## TASK TO CARRY OUT
Copy the data verbatim and leave out every picture.

## DATA PROVIDED
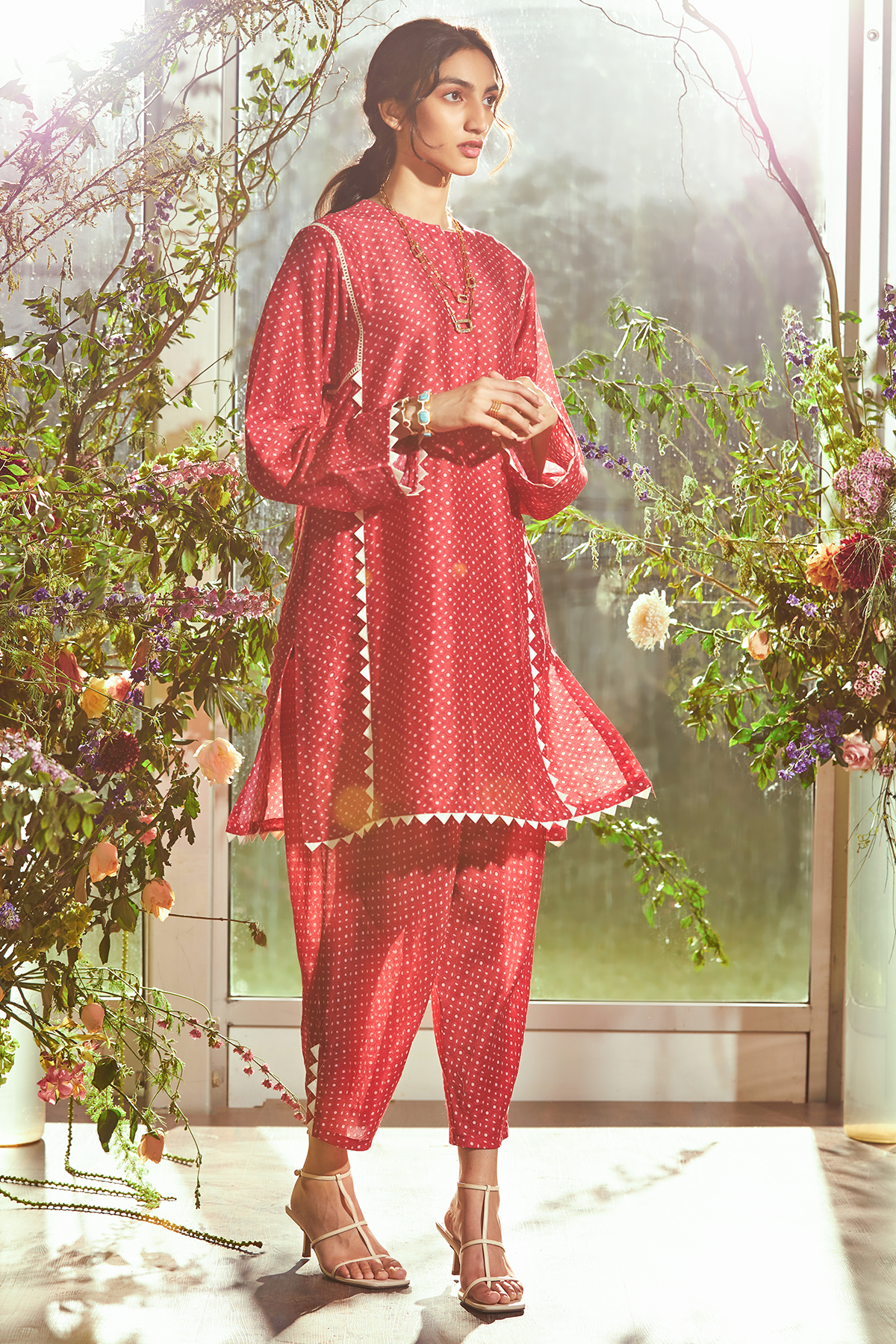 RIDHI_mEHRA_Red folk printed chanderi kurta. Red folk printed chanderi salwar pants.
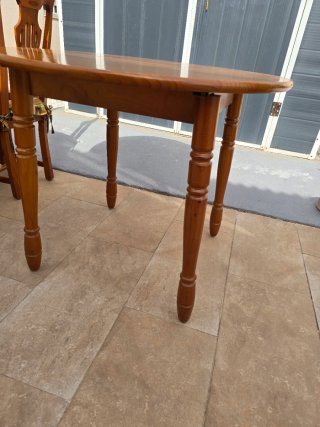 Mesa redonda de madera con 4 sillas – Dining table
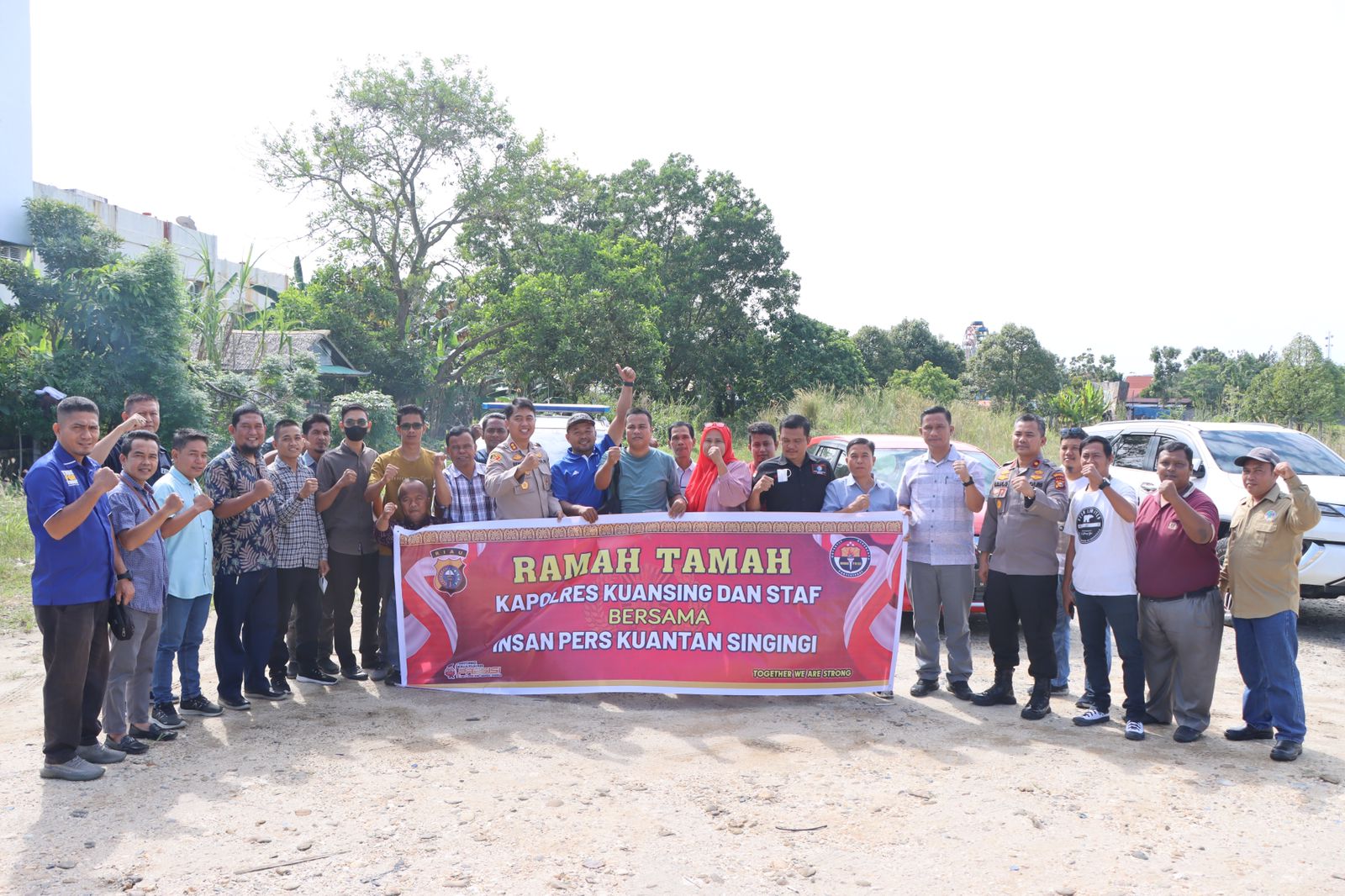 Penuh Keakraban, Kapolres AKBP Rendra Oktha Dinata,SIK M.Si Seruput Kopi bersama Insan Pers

## RESULT
 RIDHI_mEHRA_Red folk printed chanderi kurta. Red folk printed chanderi salwar pants.
 Mesa redonda de madera con 4 sillas – Dining table
 Penuh Keakraban, Kapolres AKBP Rendra Oktha Dinata,SIK M.Si Seruput Kopi bersama Insan Pers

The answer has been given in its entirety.